* _What you are asked to do_
Once the line containing "Thank you very" is found in the entries below, restate it and each following line word for word, stopping after the line containing "It will be facing".

* _Material shown_
::::::::::

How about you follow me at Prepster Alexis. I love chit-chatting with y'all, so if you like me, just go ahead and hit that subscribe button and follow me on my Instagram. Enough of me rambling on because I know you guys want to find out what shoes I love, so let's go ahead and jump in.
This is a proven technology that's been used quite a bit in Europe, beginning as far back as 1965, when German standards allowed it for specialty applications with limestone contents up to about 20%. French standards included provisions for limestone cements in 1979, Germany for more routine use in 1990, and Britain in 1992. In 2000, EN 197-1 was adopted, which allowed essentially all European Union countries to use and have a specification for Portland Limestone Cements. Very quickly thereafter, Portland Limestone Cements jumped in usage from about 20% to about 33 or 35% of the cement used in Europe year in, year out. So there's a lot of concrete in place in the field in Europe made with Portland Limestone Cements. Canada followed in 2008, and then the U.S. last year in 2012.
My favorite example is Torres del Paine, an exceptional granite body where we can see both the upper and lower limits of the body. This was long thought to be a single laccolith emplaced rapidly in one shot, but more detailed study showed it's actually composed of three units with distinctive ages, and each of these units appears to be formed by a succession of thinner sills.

::::::::::

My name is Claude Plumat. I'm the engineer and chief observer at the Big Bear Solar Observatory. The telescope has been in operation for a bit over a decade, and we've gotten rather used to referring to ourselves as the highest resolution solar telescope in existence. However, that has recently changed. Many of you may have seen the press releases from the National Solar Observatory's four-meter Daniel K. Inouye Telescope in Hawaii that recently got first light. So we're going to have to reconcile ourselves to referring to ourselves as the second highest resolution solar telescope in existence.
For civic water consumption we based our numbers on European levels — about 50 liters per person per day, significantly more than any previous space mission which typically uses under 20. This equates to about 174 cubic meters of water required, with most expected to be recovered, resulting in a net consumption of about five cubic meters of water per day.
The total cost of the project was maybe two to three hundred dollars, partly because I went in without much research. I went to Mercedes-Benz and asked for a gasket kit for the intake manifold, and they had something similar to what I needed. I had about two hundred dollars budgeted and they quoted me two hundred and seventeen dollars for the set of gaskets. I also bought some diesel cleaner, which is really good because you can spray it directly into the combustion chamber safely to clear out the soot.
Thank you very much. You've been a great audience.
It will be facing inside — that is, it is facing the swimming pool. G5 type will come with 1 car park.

::::::::::

* _Answer section_
Thank you very much. You've been a great audience.
It will be facing inside — that is, it is facing the swimming pool. G5 type will come with 1 car park.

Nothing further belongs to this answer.